Olly Hicks sets in motion a plan to row solo around the world. While shooting a Virgin advertisement for Olver's company, Pendragon Productions, Hicks and Olver pitch the idea of a circumnavigation to Richard Branson, who sponsored Hicks's transatlantic row previously. Branson's funding effectively green-lights the project, and Hicks and Olver set out planning the expedition, gaining sponsorship from Google and YouTube and contracting the construction of high-tech equipment to track the boat and livestream the journey.

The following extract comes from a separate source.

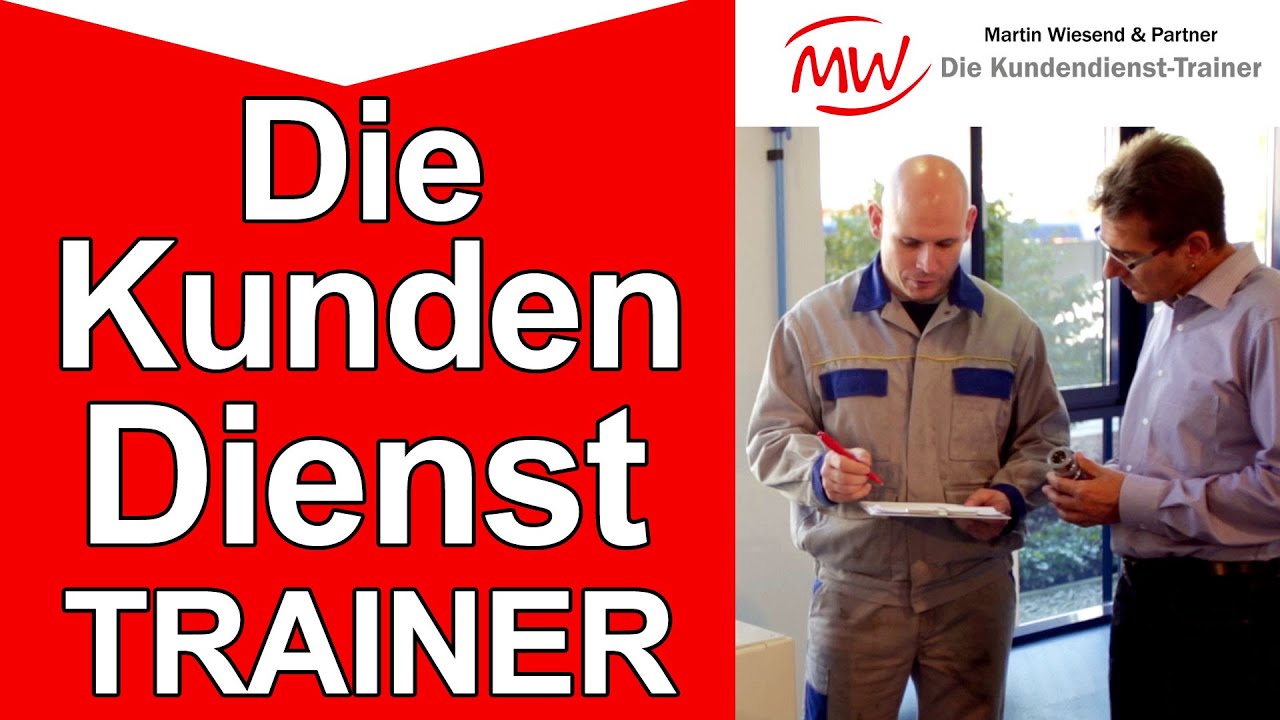 Train the Trainer - Erfolgreiches Service-Training mit den Kundendienst-Trainern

After launching in Australia, Hicks immediately encounters technical difficulties when the two-ton boat won't row downwind properly. Olver, sailing alongside Hicks with a small crew that includes Hicks's sister, is forced to leave Hicks alone at sea for ninety days. Hicks confronts his journey in solitude, fishing, reading, and making video blogs in between rowing. He maintains radio contact with Olver and even video conferences from the boat to astronauts aboard the International Space Station. As the trip progresses, the boat gradually breaks down, and extreme weather conditions thwart efforts to rescue Olly and his boat. Hicks is almost stranded until Olver commandeers a fishing vessel to tow Hicks into harbor in Bluff, New Zealand. Although his global circumnavigation is scrapped, Hicks still becomes the first person to row the Tasman Sea from Tasmania. The Tasman Sea had previously been rowed solo from New Zealand. Colin Quincey achieved this feat in 1977, while his son Shaun Quincey made the first solo row from Australia to New Zealand in 2010.